ÖZLEM ZENGİN (Tokat) - Ama olamaz böyle bir şey!

BAŞKAN - Siz bilirsiniz. Sonra vereceğim sözü, hatip konuşuyor şu anda.

Siz devam edin...

Lütfen...

FATİH ŞAHİN (Ankara) - Görevinizi yapmıyorsunuz. Temiz bir dil kullanmaya davet etmelisiniz!

BAŞKAN - Lütfen... Lütfen... Ben İç Tüzük'ü uyguluyorum. Yerinize oturun. Grup Başkan Vekiliniz var... Yerinize oturun...

FATİH ŞAHİN (Ankara) - Temiz bir dil kullanmaya davet etmelisiniz!

SERPİL KEMALBAY PEKGÖZEGÜ (Devamla) - Ben siyasi bir dil kullanıyorum, kimseye hakaret etmiyorum.

ÖZLEM ZENGİN (Tokat) - Sayın Başkanım, bunu söyleyemez!

BAŞKAN - Yerinize oturun... Değerli milletvekilleri, yerinize oturun...

SERPİL KEMALBAY PEKGÖZEGÜ (Devamla) - Siyasi bir dil kullanıyorum, parmağınızı indirin!

BAŞKAN - Bakın, değerli milletvekilleri... Grup Başkan Vekili var...

SERPİL KEMALBAY PEKGÖZEGÜ (Devamla) - Bana parmak sallayamazsın!

ÖZLEM ZENGİN (Tokat) - Sayın Başkan, bunu söyleyemez!
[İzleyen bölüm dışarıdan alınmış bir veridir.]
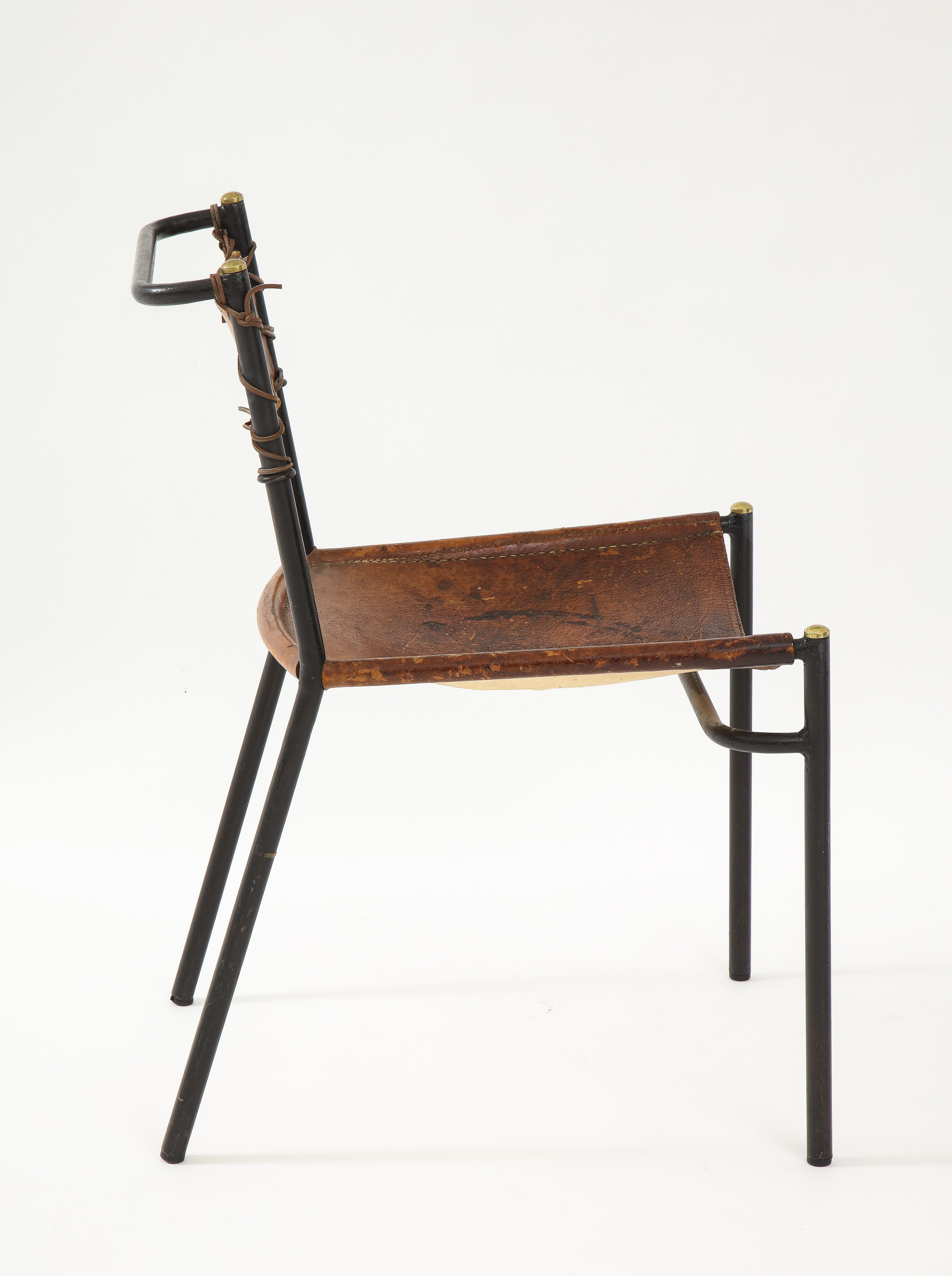 Chaise d'appoint en cuir et métal dans le style de Jacques Adnet, France, c.C. années 1950 Bon état - En vente à New York City, NY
Temiz bir dille konuşsun!

BAŞKAN - Hatip konuşmasını tamamladıktan sonra cevap verme hakkınız var. Lütfen... Sayın Zengin, bunu sizden hiç beklemezdim.

SERPİL KEMALBAY PEKGÖZEGÜ (Devamla)- Ben siyasi bir dil... Sayın vekiller...
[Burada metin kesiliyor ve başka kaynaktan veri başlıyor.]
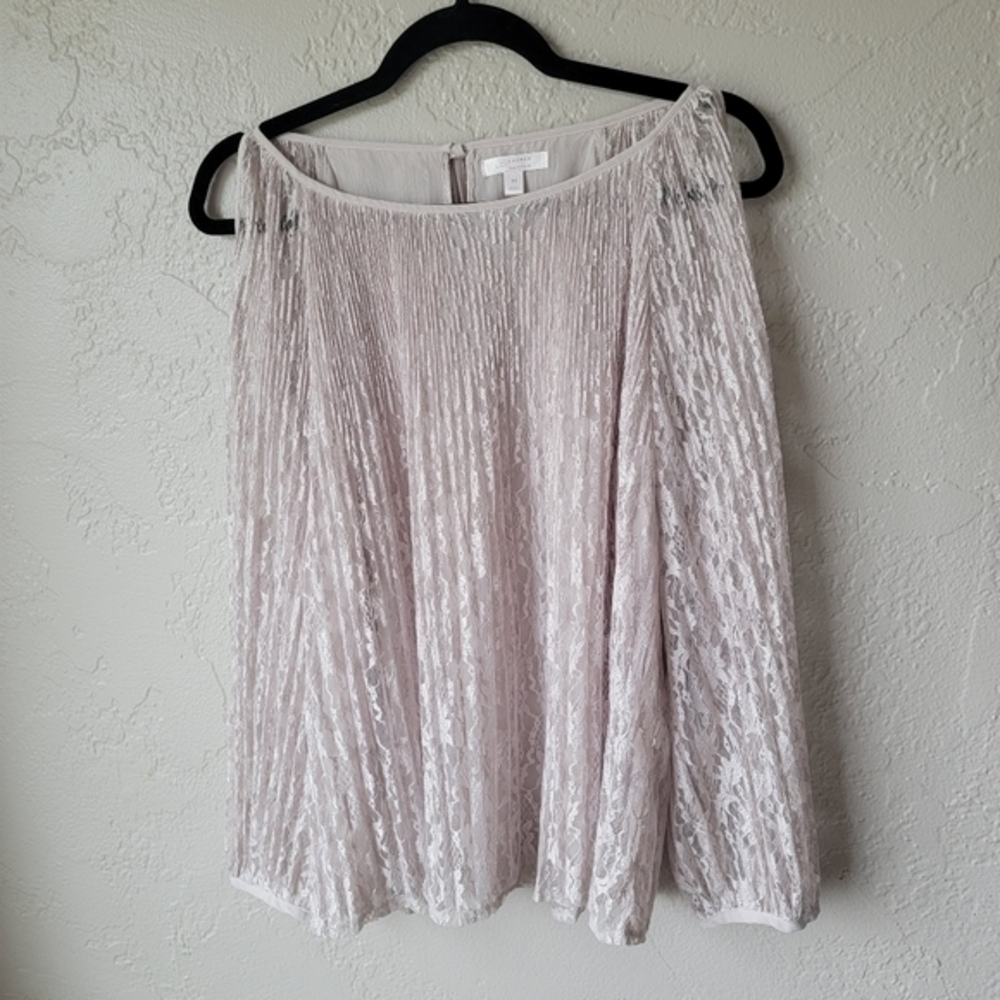 Lauren‎ Conrad Lace Blouse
ÖZLEM ZENGİN (Tokat) - Olamaz böyle bir şey!

BAŞKAN - Sayın Kemalbay, siz konuşmanıza devam edin.

ÖZLEM ZENGİN (Tokat) - Sürekli aynı şey... Olamaz böyle bir şey!

SERPİL KEMALBAY PEKGÖZEGÜ (Devamla) - Sayın vekiller, burada son derece siyasi bir dil kullanıyorum.

ÖZLEM ZENGİN (Tokat) - Hayır, olamaz, bunu söyleyemez!

BAŞKAN - Değerli milletvekilleri, bu kürsü dokunulmazdır.

SERPİL KEMALBAY PEKGÖZEGÜ (Devamla) - Söz hakkımı gasbetmemelisiniz.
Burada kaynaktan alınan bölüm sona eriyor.